How is the pose we do at the beginning and end of yoga classes like a corpse? A corpse has no life. It also has no muscular tension. That went away with the vitality of life. Soon after the body becomes a corpse, without muscular tension or an active nervous system, the bones are free to settle down however gravity directs them. There is no resistance.


Something like that happens in Shavasana. The body is fully supported. Muscular tension can be released. No muscular engagement is required to hold your body in place. To release all muscular tension is not possible, but even a slight amount of release calms the nervous system and aids the digestive and immune systems. This makes more and deeper release possible. The wandering mind is soothed but remains alert to the expansive calmness inside the body. The inward gaze of your awareness notices the tension that has so far resisted release and you accept it as something to be curious about, something to be explored. Just that awareness is a powerful tool, but when breathing is naturally folded into the experience it becomes even deeper.

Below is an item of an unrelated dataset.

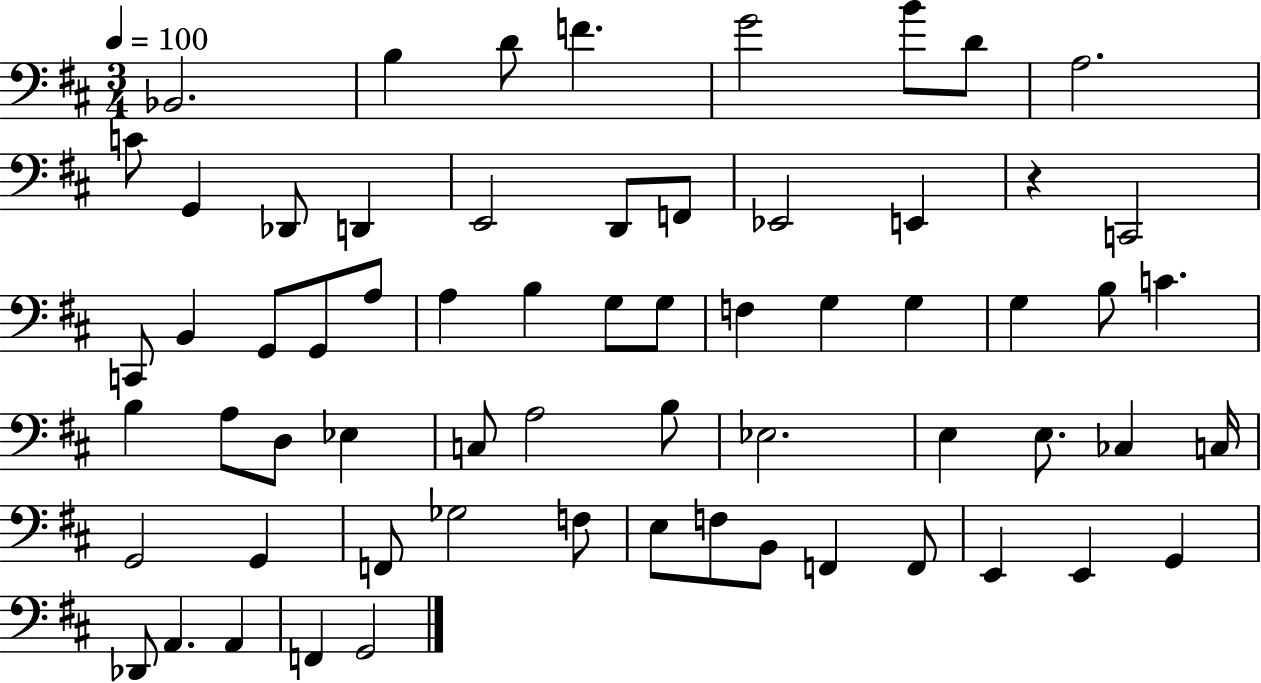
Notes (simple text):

Bb2/h. B3/q D4/e F4/q. G4/h B4/e D4/e A3/h. C4/e G2/q Db2/e D2/q E2/h D2/e F2/e Eb2/h E2/q R/q C2/h C2/e B2/q G2/e G2/e A3/e A3/q B3/q G3/e G3/e F3/q G3/q G3/q G3/q B3/e C4/q. B3/q A3/e D3/e Eb3/q C3/e A3/h B3/e Eb3/h. E3/q E3/e. CES3/q C3/s G2/h G2/q F2/e Gb3/h F3/e E3/e F3/e B2/e F2/q F2/e E2/q E2/q G2/q Db2/e A2/q. A2/q F2/q G2/h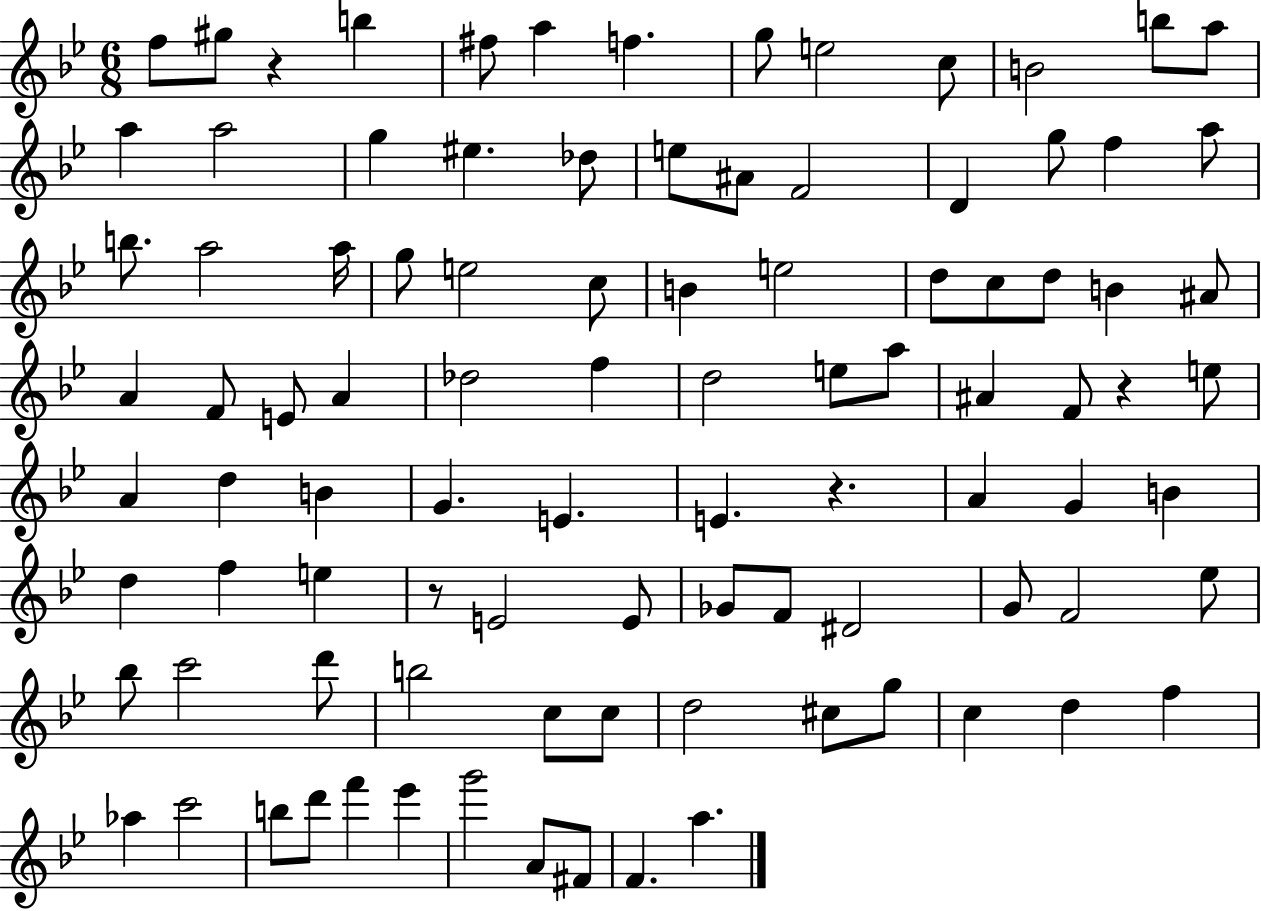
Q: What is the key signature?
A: BES major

The effects of Shavasana can reach deeply into the body and the mind and more. Patanjali says in Sutra 1:2 that yoga is the quieting of the mind-stuff. The mind-stuff is the many layers of often disconnected mental activity that is a large part of our experience most of the time. Shavasana is an opportunity to find stillness beyond the mind-stuff. That stillness is an open, easy space in which you can abide in your alert but still mind. You can be conscious outside the perception of time and space.


Do not expect to find yourself in this blissful state of mind every time you settle into the corpse pose. Shavasana gives you the opportunity to explore this terrain. The more you practice yoga the more you will recognize the path that leads to the gate that opens into the stillness.


Shavasana can be difficult if you are not ready to let go of the tension in your body and mind. You may conclude that it is a boring pose. There is no movement and nothing obvious is happening. If you stay with the pose and identify calmness as something you are experiencing, you have started a process that will take you farther into a calm, open, spacious state of mind. How deep you may go into this space is an unknown.


Shavasana is an advanced pose because it is an opportunity to explore this space, which is the same state of being that yogis experience in seated meditation. The more you practice yoga, whether it is Shavasana, conscious breathing, mantra, study of scripture, or some other yoga practice, the easier it will be to notice the difference between your everyday state of mind and the state of mind that you experience doing yoga. That calm, settled, quiet state of mind is strengthened when we do more yoga and will linger after your practice. It will follow you into your everyday life and will change how you perceive your life. That state of being is the heart of yoga.